Mamiya baissa les yeux vers elle.

-Ils veulent que je retrouve ces personnes et que je leur fasse payer. Certains veulent même que je les tue.

Komachi écarquilla les yeux.

-Ils te refilent ce sale boulot? Ils ne sont pas très gentils, ces fantômes.

-Ils m'obligent à le faire. Si je refuse, si je me défile, c'est à moi qu'ils s'en prennent.

-Comment est-ce qu'ils peuvent faire? Ce sont des fantômes, ils sont immatériels, non?

-La plupart du temps oui. Mais quand ils deviennent furieux, ils arrivent à provoquer des choses. Une fois, j'avais refusé d'en aider un. Il a jeté un vase par terre, puis il m'a poussée par terre dans les débris. Je saignais de partout, j'ai même failli avoir un débris planté dans l'œil.

Komachi resta figée, partagée entre l'horreur et la douleur.

-Et lorsqu'ils se superposent à moi, ils peuvent devenir complètement gelés ou bien brûlants. J'ai l'impression soit d'être dans de l'eau sous la glace, soit brûlée vive.

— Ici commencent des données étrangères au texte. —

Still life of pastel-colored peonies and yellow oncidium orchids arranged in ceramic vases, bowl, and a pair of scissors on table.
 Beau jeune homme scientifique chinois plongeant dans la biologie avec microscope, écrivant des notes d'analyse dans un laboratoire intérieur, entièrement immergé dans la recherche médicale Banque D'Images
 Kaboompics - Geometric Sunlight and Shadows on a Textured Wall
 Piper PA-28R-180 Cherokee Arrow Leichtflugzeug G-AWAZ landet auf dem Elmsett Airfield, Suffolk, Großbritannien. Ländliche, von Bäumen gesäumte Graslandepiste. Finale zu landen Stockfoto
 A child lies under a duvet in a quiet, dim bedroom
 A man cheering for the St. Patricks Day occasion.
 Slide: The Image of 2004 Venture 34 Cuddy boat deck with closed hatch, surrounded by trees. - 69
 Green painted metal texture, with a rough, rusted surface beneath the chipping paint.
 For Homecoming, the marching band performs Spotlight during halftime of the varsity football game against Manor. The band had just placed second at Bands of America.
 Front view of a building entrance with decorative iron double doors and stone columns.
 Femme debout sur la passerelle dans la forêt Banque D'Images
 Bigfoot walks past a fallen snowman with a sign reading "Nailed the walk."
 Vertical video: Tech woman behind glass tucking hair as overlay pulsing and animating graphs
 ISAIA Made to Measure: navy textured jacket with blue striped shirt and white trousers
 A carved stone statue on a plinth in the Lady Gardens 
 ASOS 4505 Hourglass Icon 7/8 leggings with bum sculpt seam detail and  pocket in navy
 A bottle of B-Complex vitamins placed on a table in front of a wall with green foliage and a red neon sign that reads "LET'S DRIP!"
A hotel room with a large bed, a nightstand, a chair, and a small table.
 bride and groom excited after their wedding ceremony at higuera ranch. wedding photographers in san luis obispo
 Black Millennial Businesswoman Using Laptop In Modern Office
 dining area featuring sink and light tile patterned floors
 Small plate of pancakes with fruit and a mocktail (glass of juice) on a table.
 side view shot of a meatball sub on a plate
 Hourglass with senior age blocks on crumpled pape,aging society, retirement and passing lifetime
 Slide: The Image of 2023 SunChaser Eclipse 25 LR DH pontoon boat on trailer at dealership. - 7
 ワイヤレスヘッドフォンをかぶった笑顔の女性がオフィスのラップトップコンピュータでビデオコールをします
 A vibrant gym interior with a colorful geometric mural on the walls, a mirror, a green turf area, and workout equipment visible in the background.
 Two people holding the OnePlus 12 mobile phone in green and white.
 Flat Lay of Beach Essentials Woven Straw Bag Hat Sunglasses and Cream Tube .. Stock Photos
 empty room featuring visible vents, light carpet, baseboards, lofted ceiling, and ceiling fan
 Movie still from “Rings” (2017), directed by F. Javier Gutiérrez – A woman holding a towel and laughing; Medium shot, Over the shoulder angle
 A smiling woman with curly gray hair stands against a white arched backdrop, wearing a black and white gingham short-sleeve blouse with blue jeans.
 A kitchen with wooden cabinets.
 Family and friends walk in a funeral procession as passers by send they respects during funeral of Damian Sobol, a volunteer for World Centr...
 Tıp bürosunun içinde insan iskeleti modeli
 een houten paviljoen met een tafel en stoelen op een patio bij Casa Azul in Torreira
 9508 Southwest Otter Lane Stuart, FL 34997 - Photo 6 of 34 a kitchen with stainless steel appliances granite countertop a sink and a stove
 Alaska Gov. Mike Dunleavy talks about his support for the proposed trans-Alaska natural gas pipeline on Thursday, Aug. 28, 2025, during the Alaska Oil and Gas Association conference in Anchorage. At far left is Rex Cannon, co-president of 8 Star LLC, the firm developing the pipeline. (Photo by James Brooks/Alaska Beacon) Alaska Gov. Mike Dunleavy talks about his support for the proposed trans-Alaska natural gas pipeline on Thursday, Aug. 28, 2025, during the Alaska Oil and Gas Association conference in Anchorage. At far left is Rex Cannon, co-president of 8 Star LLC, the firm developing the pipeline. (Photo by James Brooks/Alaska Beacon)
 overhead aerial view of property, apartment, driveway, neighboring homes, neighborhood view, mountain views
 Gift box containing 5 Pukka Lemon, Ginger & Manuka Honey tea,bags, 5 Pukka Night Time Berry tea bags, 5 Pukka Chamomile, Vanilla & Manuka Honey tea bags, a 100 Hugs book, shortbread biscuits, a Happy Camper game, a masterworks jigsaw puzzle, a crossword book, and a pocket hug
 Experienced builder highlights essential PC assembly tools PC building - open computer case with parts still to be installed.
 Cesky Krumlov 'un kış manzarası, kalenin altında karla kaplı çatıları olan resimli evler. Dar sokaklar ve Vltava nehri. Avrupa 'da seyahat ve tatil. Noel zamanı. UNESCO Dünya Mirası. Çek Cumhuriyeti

Ils arrivent aussi à me donner des migraines insupportables, me retourner l'estomac, me donner des palpitations. Tout ça pour que je craque et que je leur obéisse.

- ..

Komachi hésita à poser la question qui lui brûlait les lèvres. Mamiya surpris son regard et esquissa un sourire.

-Tu veux savoir si j'ai déjà tué quelqu'un, c'est ça?

- ..Non, je ne veux pas savoir.

Le vent se leva, soulevant les longs cheveux de Mamiya.

-Alors comme ça, tu me crois.. chuchota Mamiya.

-Je ne devrais pas? Tu t'es moquée de moi? Ou tu préfèrerais que je ne te crois pas?

- ..

Mamiya leva une nouvelle fois la tête vers le ciel. Bleu vif, à peine quelques nuages. Elle sourit.

-Non, c'est très bien comme ça.. dit-elle doucement en fermant les yeux.